I dropped the four lobster tails into the sputtering water, added a little salt, then covered them. "Right. It's all true. Nothing I like better than getting hopelessly drunk. How about you?"

"Do you have to work at being so sarcastic, Mr. MacMorgan? Or does it just come naturally?"

"It depends on who I'm talking to. And you're supposed to call me Dusky. Remember?"

When the lobster was done, I b.u.t.terflied them and set slivers of fresh lime on the table. The woman surprised me by asking for beer every time I got up to get one. It wasn't a meal for forks and knives and the dainty attack those things imply.
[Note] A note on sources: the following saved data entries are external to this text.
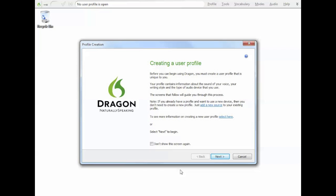Hi, it's Brett here again from voicerecognition.com.au. Today we're just going to quickly go through the steps required to set up a user profile.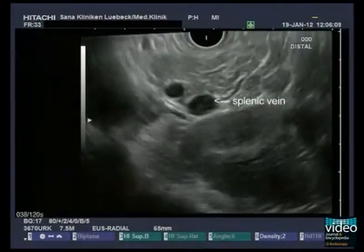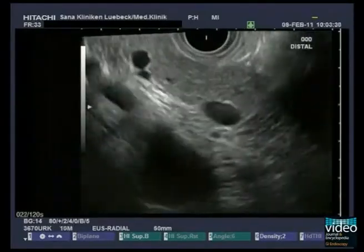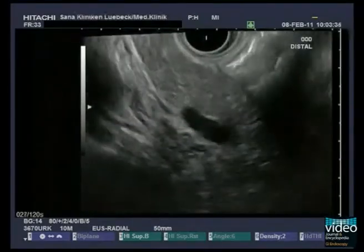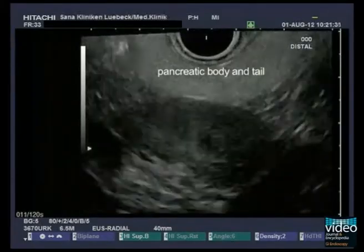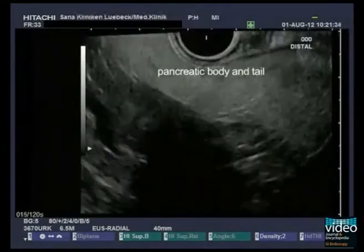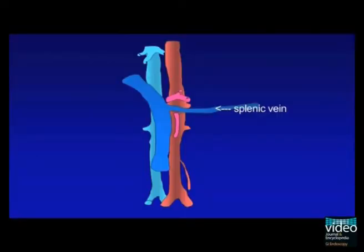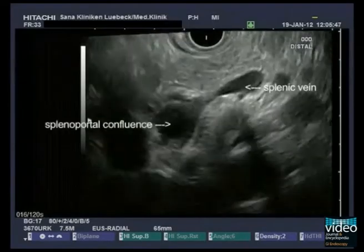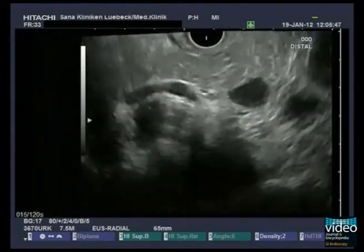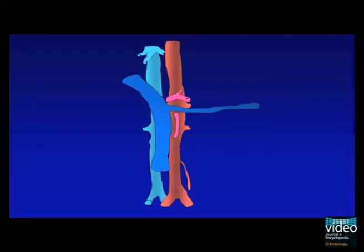The splenic artery and the more caudally located splenic vein can be followed by withdrawal and rotation to the left into the splenic hilum. These vessels provide good orientation for the examination of the pancreatic tail and body. Once you have identified the splenic vein, it is easy to follow the vein into the splenoportal confluence by a careful rotation to the left. The superior mesenteric vein reaches the confluence caudally; therefore, you have to push the instrument downwards over the level of the confluence.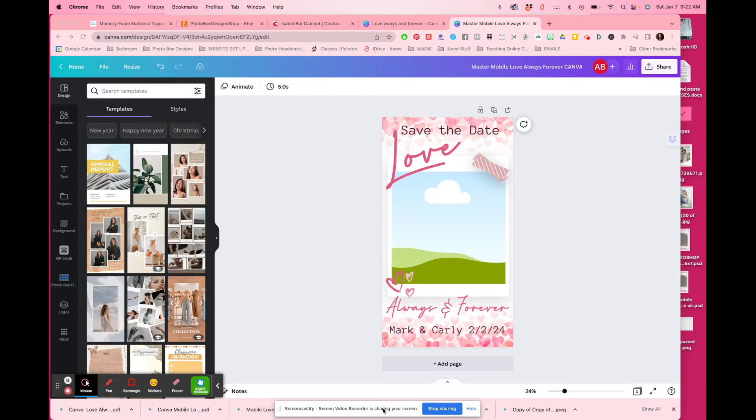Hi everyone, it's Elisa from Photobox Designs. I'm here to show you how to open up a template that you've purchased from us for Canva.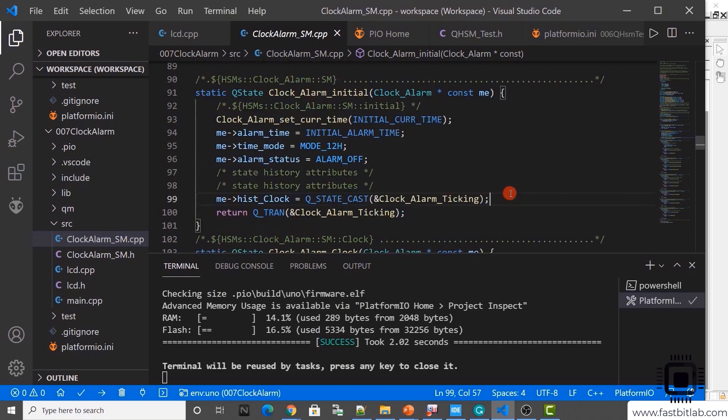In the next lecture, we will see how to display this time information on the LCD. That's the final thing — let's see.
It was a meal to eat with your hands, with hot b.u.t.ter and garlic bread; it was a meal that required plenty of napkins.
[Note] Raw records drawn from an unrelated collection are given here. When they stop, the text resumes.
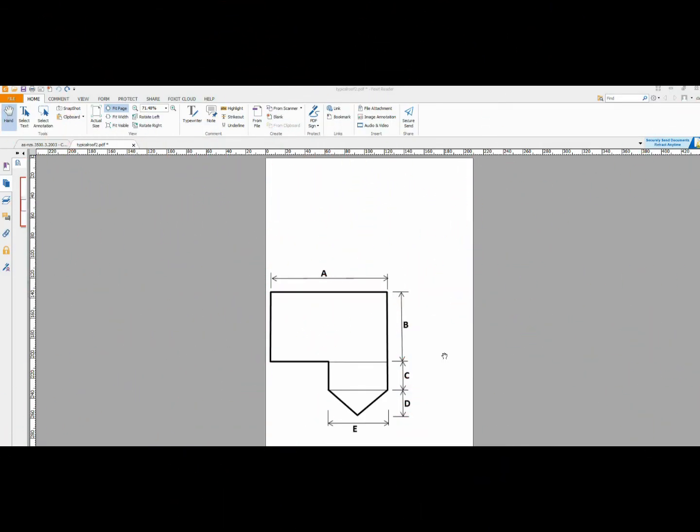Okay, I'm going to show you how to calculate the area of any shape that is on a PDF file by using Foxit Reader. I have uploaded a file here at the moment which represents a roof.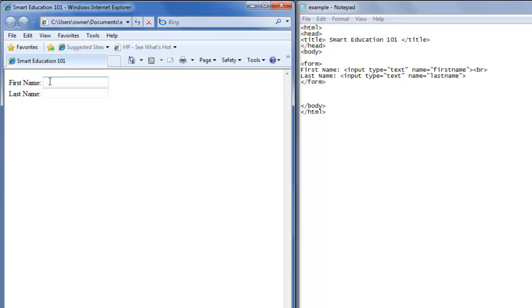So in this web browser, now you can type your first name in. So John, and your last name, Smith. Now you have created input text forms.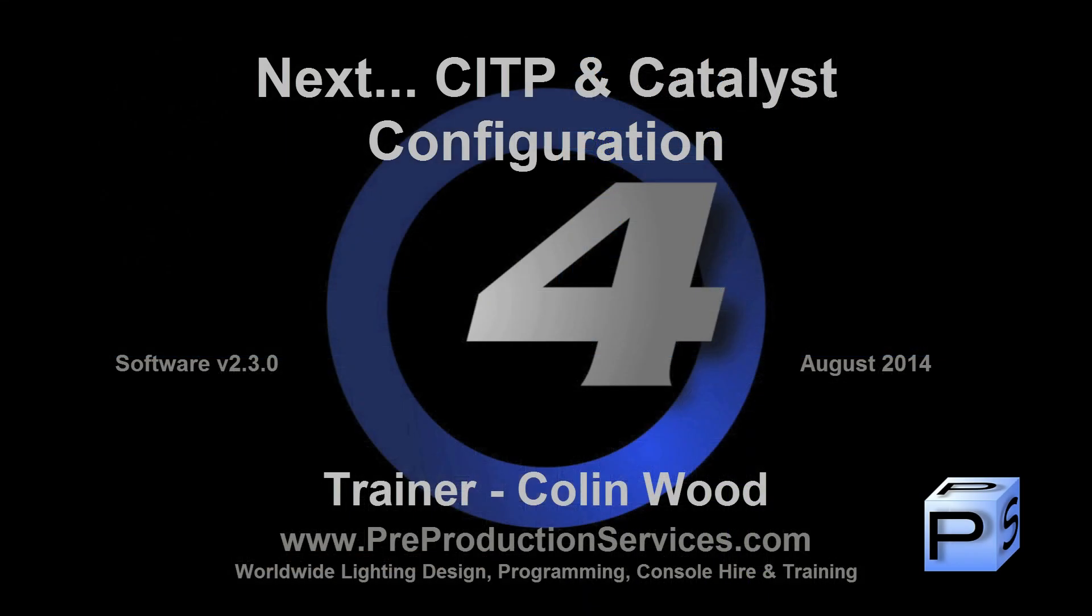In the next tutorial, we will look at CITP and catalyst configuration. Thank you for watching.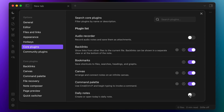First, you're probably going to want to make sure that the Daily Notes core plugin is enabled. This is necessary if you want to do your daily time block plan in something like Day Planner, which I demoed in another video. But it's not strictly necessary if you don't want to do your daily plans in Obsidian. We'll come back to this later, but for now, you probably want to make sure that this is toggled on.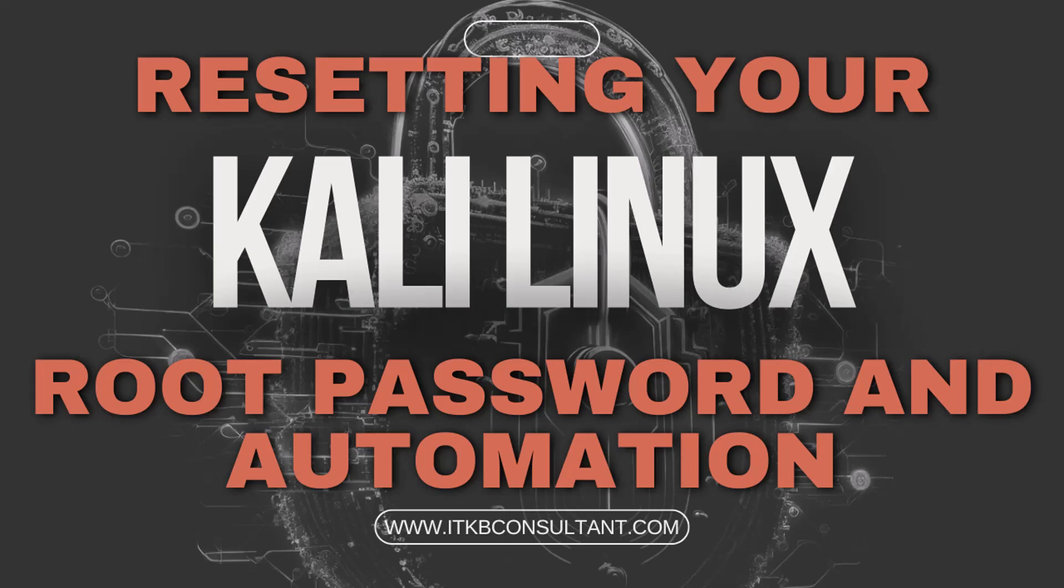Today I am going to walk you through a crucial process that every Kali Linux user might need at some point: resetting the root password. Whether you are new to Kali Linux or just need a refresher, this guide will help you reset your root password with ease, even if you are running it in a virtualized environment, whether it is VirtualBox or VMware. So grab your favorite beverage, hit that subscribe button, and let's explore the fascinating world of IT and its security together.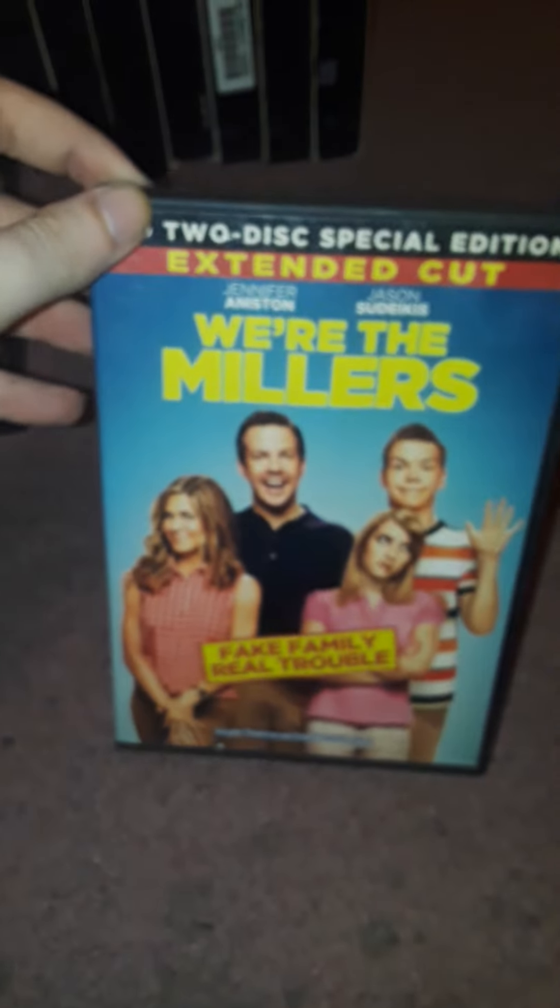DVD I got today. This is a movie I have not seen yet. This has both the theatrical cut and the extended cut.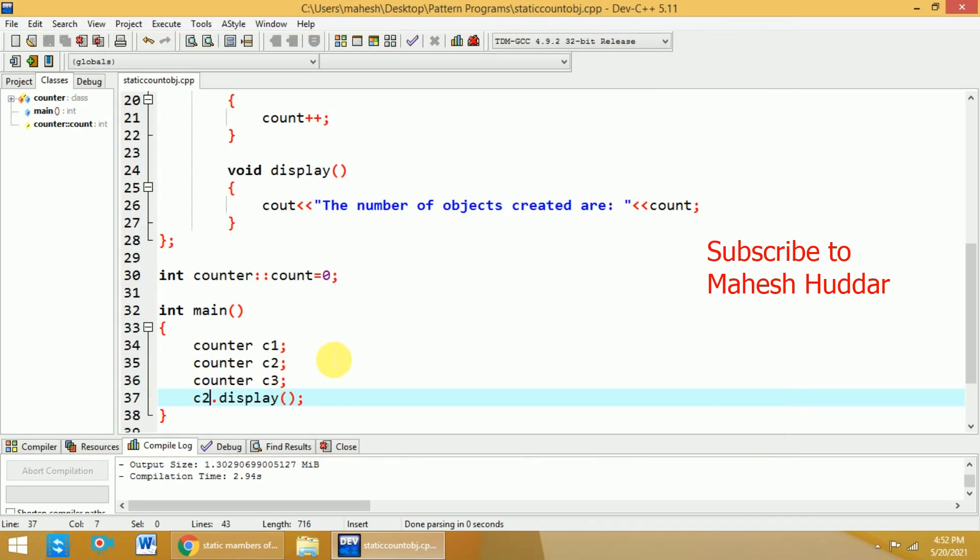Because that count value is shared among all these 3 objects over here. So, this is how we can write a very simple program to count the number of objects created using static member of a class. I hope the concept is clear.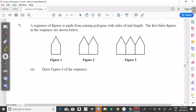Welcome back guys to another video from CXC Math Tutor. We will continue with the series of videos on the January 2019 past paper. Now we're looking at question number 7 from the January 2019 past paper.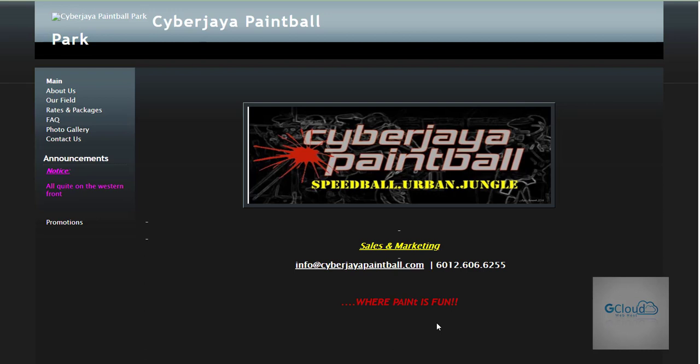Hi, good day. This is Jonathan from G-Club Webhost. Today we would like to do a website review for a website, cyberjaya-paintball.com.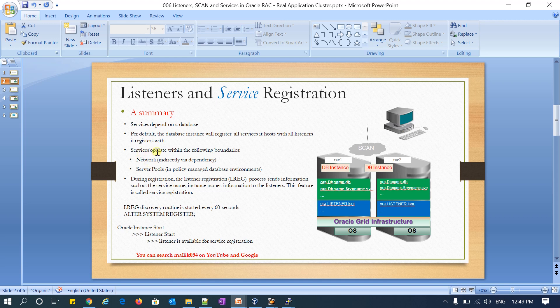Services operate within certain boundaries. If you define any service in a cluster, it has two hard dependencies — one is the network and the other is the service pool. These are the two boundaries within which a service operates, and you must define both the network and the service pool when creating any particular service.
When we had finished, Santarun surprised me by gathering the dishes and pots together in the sink and putting water on to boil-for coffee and dishwater.

She saw the way I raised my eyes at that.

"Are you surprised that I'm volunteering to work?" she said, knowing full well that I was.

"Shocked might be a better word."

"Actually, I want to do the dishes as a show of good faith; good faith because I'm about to tell you something that really might shock you."

"Hold off telling me until the end of the trip. That way you can do all the dishes as a sign of good faith."

"I'm afraid I have no desire to show that much good faith." She laughed lightly. I studied to see if the sudden friendliness was forced, and decided-probably because of the four beers she had had-that it wasn't. "Actually, Dusky, it has to do with my conversation earlier with that Cuban soldier-Captain Lobo."

And that's when she told me about the preliminary steps it took to get a relative out of Cuba.

"But once the papers have been processed, and my father has been approved, I'm sure they're not going to just bring him down to this boat and wave goodbye," she continued.

"What makes you think that?"

She hesitated for a moment while she squirted soap into the dishwater and went to work on the plates. "For one thing, I've been listening to other Cuban-Americans talking on your radio. Some of them have been over here before, and they've talked with the refugees in Key West. Once the relatives have been approved, the first thing the Castro regime does is confiscate their homes and their property. And then they send them to refugee camps-"

"Which, I imagine, are more like concentration camps."

"Exactly."

"Well, that's not completely unexpected. I mean, Castro isn't exactly known as a humanitarian." I nodded toward the stack of dishes. "So why the unexpected goodwill gesture?"

"Wait," she said. "There's more. You don't have to listen to that radio for long to realize that we're in for a long stay here. That's the point I was trying to make. Castro's people are holding the refugees in those concentration camps for a reason. This afternoon, while you were working on the engine, I watched them loading the refugees through your binoculars. The dock's across the harbor-Captain Lobo called it Pier Three. Do you have any idea how many boats they loaded in eight hours?"

I shook my head. "You can herd a lot of people onto a deck in eight hours."

"You could-but they didn't. Only two boats were loaded. That's what I'm trying to get at. Castro wants it to be slow. I think he wants us all to stay here until we've eaten all our food and spent all our money."

Suddenly it dawned on me. "So now I see why you're being so nice all of a sudden-"

"If that's an insult, I'm afraid-"

I smiled at her. "Face it, Santarun. You haven't exactly been Miss Congeniality on this trip. But now you're afraid I'm going to get tired of waiting around here in Mariel Harbor after a week or so, pull anchor, and head back to Key West. So now you're trying to charm me into some verbal agreement-"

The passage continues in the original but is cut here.